All these mind crimes should just fall under a single umbrella class of worker
called “ _motherfucking internet bullshit artistry (all levels)_ ” ...and oh
yeah, the article neglects one of the most recent sub-classes: child video
troll (and of course child video troll _moderator_ (scanner?) AND coming soon
( _!!!_ ) child video _counter_ -troll, as discussed over here:
[https://news.ycombinator.com/item?id=15670109](https://news.ycombinator.com/item?id=15670109)

When will we get to see child news and _fake_ child news?
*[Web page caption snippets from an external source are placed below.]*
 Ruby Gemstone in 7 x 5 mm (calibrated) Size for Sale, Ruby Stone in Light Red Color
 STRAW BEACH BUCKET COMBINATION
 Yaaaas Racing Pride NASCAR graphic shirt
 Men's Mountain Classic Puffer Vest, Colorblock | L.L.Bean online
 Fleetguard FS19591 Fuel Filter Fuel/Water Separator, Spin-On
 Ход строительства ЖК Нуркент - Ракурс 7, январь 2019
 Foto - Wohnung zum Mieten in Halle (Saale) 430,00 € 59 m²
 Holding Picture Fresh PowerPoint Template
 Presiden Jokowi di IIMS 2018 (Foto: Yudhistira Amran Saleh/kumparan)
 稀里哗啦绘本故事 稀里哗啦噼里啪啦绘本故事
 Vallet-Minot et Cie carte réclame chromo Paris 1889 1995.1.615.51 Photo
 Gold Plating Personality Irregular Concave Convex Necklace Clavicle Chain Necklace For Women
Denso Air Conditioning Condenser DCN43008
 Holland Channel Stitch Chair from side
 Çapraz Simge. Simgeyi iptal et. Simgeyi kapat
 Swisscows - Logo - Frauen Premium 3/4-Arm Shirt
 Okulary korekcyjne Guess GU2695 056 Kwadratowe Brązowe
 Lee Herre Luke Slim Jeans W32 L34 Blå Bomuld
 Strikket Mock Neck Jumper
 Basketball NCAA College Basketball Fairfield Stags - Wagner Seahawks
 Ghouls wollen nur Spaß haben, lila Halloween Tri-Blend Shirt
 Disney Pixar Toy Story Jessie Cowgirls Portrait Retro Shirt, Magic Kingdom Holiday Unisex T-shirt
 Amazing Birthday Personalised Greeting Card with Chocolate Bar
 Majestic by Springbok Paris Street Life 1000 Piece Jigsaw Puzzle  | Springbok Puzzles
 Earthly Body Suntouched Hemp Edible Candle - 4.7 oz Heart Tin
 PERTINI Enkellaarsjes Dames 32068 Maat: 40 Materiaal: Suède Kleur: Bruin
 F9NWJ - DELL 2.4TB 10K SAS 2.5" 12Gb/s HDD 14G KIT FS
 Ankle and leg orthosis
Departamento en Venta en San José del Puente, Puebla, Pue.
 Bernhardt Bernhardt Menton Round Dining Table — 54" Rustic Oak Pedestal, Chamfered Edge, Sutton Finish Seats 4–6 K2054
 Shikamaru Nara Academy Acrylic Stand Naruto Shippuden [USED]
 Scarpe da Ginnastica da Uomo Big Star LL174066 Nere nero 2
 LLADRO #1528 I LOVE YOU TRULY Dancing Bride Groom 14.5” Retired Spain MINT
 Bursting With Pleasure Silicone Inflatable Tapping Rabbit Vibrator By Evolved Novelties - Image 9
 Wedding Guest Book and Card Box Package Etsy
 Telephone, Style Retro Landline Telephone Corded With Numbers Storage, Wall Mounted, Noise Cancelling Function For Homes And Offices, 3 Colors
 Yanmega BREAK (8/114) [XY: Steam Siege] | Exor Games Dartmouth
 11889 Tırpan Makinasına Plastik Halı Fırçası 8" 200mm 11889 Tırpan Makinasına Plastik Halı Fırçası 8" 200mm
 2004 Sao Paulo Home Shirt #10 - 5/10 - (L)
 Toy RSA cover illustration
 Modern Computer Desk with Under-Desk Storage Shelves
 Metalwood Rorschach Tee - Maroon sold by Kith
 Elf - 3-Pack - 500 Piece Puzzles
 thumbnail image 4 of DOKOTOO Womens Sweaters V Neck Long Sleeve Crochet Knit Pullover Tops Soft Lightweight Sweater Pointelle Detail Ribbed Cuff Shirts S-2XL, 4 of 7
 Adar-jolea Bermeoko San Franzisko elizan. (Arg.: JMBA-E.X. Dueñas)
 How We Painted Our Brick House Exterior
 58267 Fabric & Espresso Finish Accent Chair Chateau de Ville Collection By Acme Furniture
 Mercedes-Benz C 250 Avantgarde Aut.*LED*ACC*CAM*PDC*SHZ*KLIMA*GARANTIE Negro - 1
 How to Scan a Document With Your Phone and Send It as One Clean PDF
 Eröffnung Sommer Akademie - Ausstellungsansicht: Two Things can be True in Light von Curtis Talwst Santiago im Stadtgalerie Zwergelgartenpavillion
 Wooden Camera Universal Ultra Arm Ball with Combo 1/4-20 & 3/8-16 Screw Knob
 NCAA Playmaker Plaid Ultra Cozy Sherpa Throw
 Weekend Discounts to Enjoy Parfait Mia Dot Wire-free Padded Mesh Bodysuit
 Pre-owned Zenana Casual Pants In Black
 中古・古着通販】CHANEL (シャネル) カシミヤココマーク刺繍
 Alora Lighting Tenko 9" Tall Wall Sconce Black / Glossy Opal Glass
Seriously though, if 90% of everything is bullshit [0], where’s the
distinction between good and evil? It’s just regional sports teams from what I
can tell, and just as pointless.

[0]
[https://en.wikipedia.org/wiki/Sturgeon's_law](https://en.wikipedia.org/wiki/Sturgeon's_law)

------
sandworm101
No imagination:

Hacking-insurance adjusters: This is just starting to become a thing. Once the
insurance market matures, and claims become more routine, an industry of
adjusters/inspectors will emerge.

Autodrive car rescue: When the robots get confused they will need specialized
people to sort them out. Your average tow-truck driver doesn't want to
approach a Tesla stuck doing a perpetual loop in a roundabout. I'm waiting for
the 911 caller stating "I'm heading west on I-94 at 70mph and the car won't
stop."

Space imagery analyst: Once the domain of the NRO/NSA, as space imagery
becomes cheaper and more available even small corporations will need people
who know how to read and interpret sat data.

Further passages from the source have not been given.